* **RECORDS FOR THIS EXERCISE**
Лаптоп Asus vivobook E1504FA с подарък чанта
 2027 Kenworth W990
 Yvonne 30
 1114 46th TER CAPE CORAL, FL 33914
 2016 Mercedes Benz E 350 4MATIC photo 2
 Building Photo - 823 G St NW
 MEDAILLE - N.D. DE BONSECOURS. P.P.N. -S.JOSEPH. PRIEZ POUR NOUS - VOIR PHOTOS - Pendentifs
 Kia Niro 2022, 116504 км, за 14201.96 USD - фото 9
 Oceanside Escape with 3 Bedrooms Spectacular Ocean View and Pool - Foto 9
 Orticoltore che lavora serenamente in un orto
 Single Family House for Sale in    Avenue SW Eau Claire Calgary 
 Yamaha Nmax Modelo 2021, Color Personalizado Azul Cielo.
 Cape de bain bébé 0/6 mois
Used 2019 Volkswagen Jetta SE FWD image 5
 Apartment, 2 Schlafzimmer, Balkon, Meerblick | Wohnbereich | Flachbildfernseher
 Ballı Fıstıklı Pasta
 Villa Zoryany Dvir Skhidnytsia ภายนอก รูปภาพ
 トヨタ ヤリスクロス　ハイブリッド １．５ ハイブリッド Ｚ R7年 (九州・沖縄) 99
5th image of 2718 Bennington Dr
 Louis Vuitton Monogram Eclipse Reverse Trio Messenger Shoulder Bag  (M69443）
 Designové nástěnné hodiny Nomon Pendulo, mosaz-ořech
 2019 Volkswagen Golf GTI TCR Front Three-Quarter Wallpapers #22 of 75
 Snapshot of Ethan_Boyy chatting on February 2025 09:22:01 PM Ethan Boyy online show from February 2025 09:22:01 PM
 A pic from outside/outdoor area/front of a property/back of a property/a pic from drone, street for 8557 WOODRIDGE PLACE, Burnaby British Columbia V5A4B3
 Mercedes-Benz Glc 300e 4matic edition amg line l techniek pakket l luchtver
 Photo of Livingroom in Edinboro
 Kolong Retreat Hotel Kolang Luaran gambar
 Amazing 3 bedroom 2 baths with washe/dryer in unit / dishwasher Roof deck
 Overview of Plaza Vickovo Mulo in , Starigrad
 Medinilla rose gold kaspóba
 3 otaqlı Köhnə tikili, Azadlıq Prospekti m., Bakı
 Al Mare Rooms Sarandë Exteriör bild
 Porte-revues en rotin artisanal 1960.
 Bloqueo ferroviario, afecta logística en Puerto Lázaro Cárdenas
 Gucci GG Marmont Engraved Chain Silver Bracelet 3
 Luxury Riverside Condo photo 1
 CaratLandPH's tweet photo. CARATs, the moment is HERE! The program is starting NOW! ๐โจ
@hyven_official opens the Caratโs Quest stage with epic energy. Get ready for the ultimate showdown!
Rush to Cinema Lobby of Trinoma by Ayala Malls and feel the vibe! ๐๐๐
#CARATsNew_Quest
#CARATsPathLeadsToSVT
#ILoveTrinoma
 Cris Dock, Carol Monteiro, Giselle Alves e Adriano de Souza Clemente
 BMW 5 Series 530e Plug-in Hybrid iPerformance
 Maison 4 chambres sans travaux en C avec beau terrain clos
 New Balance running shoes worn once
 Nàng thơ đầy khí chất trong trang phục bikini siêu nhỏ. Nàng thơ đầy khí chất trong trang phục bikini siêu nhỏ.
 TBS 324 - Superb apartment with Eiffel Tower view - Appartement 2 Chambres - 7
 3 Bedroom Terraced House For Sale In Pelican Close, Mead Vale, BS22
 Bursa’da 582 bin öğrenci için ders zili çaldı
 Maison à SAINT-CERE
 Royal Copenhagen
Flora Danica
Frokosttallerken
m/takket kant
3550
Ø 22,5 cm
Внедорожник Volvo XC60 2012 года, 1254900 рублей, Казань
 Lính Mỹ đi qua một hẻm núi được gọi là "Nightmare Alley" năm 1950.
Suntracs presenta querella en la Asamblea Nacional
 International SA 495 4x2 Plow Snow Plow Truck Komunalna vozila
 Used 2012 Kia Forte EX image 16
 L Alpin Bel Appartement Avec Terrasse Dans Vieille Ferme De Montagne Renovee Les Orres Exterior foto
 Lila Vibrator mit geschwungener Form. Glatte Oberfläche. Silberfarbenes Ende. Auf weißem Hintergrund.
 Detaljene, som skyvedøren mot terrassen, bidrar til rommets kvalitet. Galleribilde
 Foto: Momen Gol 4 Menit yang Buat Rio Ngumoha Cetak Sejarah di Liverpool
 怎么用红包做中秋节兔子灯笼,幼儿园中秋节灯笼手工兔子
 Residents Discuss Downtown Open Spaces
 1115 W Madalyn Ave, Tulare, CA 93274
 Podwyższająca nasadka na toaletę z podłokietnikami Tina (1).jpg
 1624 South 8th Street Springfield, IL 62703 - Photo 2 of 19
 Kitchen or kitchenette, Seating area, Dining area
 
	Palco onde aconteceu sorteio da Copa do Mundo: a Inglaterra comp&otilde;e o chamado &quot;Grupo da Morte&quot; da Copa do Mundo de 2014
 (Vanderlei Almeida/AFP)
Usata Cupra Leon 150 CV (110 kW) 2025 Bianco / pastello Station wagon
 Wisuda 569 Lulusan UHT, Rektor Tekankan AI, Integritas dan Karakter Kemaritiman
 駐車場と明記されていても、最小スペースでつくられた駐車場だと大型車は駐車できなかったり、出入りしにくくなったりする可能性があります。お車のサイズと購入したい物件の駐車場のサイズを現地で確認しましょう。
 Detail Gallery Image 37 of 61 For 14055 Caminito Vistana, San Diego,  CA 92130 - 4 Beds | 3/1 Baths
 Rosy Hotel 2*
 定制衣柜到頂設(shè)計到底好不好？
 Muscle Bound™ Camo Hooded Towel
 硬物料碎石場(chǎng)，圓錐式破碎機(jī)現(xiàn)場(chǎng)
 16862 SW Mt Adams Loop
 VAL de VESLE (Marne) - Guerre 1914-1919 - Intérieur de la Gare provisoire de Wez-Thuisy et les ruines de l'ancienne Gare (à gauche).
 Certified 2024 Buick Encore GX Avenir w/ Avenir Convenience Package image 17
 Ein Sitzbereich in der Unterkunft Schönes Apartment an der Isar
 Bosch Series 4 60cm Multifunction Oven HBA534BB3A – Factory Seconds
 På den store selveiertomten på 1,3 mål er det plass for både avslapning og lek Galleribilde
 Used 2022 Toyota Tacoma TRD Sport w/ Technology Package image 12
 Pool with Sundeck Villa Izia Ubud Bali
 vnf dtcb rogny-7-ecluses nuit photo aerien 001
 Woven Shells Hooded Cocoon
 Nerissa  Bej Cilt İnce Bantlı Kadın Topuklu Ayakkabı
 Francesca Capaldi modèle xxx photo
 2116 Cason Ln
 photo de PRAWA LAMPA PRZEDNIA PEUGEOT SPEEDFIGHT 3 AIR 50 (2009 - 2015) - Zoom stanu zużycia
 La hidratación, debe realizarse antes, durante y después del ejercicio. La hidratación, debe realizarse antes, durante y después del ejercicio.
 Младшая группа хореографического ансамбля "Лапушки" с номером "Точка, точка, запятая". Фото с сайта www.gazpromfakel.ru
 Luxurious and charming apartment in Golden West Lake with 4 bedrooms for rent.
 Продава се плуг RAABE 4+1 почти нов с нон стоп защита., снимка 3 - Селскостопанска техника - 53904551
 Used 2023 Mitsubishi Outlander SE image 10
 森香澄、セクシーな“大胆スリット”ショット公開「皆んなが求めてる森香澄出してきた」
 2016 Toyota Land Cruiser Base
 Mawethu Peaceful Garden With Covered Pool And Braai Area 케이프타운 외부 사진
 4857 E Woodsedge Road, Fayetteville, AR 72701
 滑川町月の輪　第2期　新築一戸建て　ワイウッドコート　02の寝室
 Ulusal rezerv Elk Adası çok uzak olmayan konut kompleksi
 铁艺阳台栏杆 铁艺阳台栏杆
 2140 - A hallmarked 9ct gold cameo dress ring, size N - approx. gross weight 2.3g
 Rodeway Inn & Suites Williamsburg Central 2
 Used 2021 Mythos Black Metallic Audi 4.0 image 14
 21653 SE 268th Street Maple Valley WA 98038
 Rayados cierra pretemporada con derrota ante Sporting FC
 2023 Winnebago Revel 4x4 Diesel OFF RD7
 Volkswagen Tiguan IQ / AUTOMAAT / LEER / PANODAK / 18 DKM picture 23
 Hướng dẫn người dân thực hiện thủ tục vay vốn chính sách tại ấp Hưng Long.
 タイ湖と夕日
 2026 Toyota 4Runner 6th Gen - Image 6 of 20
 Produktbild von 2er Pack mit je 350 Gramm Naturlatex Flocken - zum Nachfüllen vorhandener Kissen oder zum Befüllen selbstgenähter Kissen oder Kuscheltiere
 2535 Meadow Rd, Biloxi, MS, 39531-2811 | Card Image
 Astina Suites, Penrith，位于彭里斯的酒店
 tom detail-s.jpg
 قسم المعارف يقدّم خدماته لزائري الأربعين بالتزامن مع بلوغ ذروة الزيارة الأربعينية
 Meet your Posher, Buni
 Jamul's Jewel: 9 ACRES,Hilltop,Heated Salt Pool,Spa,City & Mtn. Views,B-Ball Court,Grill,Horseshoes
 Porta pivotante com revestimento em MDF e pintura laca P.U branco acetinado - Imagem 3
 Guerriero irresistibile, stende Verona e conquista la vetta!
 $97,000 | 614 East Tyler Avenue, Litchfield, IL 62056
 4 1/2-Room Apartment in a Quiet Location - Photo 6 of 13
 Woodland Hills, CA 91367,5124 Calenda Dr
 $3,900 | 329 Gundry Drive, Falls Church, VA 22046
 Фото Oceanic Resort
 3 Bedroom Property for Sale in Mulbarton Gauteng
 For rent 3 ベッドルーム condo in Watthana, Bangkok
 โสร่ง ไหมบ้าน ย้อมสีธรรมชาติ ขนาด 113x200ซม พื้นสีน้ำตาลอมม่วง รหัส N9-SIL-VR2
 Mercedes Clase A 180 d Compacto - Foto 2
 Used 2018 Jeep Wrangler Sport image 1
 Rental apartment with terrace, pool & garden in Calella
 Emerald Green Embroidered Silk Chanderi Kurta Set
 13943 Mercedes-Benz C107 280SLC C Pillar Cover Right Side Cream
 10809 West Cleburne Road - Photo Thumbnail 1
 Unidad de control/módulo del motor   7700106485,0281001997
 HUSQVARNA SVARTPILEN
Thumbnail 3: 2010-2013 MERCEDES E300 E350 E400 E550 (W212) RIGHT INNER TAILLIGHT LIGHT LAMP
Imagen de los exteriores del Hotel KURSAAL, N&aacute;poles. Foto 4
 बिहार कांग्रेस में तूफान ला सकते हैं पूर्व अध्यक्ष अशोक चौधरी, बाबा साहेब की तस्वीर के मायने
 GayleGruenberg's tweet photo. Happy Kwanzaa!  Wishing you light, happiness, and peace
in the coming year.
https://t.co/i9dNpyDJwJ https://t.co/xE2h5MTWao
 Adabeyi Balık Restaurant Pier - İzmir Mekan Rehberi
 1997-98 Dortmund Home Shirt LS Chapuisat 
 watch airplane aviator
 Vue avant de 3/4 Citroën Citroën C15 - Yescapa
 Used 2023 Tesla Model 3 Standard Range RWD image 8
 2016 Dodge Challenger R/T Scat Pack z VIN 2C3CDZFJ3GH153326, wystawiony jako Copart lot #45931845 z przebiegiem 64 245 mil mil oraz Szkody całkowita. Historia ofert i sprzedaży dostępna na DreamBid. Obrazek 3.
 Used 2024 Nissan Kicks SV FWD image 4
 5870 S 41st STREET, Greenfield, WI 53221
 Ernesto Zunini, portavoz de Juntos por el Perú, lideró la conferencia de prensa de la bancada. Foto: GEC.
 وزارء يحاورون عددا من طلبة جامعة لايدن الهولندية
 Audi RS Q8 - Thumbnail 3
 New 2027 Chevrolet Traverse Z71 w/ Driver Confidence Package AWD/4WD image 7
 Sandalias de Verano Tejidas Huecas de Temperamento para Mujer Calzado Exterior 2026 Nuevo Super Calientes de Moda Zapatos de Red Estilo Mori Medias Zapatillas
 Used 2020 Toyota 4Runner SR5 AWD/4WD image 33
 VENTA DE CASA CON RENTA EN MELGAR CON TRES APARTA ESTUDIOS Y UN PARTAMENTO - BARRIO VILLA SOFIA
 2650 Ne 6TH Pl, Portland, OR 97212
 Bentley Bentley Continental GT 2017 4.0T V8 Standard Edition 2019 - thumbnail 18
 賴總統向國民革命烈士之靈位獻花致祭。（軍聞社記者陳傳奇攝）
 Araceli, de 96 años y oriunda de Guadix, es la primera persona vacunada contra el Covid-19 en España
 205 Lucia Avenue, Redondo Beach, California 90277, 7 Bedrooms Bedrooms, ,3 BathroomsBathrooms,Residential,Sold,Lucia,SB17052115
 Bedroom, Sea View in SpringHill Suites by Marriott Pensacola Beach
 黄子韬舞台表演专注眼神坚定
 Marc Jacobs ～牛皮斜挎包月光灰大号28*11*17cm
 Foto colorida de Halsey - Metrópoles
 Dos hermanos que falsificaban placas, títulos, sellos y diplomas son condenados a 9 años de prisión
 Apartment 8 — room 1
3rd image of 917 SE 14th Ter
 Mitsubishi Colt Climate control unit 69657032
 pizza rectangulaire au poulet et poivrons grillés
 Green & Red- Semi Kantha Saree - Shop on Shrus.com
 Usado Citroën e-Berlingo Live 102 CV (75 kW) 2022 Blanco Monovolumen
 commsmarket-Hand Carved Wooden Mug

* **THE TASK**
Give back exactly the lines above starting at the line where "硬物料碎石場(chǎng)" appears and ending at the line where "vnf dtcb rogny-7-ecluses" appears, both included, with no other lines.

* **EXERCISE RESPONSE**
 硬物料碎石場(chǎng)，圓錐式破碎機(jī)現(xiàn)場(chǎng)
 16862 SW Mt Adams Loop
 VAL de VESLE (Marne) - Guerre 1914-1919 - Intérieur de la Gare provisoire de Wez-Thuisy et les ruines de l'ancienne Gare (à gauche).
 Certified 2024 Buick Encore GX Avenir w/ Avenir Convenience Package image 17
 Ein Sitzbereich in der Unterkunft Schönes Apartment an der Isar
 Bosch Series 4 60cm Multifunction Oven HBA534BB3A – Factory Seconds
 På den store selveiertomten på 1,3 mål er det plass for både avslapning og lek Galleribilde
 Used 2022 Toyota Tacoma TRD Sport w/ Technology Package image 12
 Pool with Sundeck Villa Izia Ubud Bali
 vnf dtcb rogny-7-ecluses nuit photo aerien 001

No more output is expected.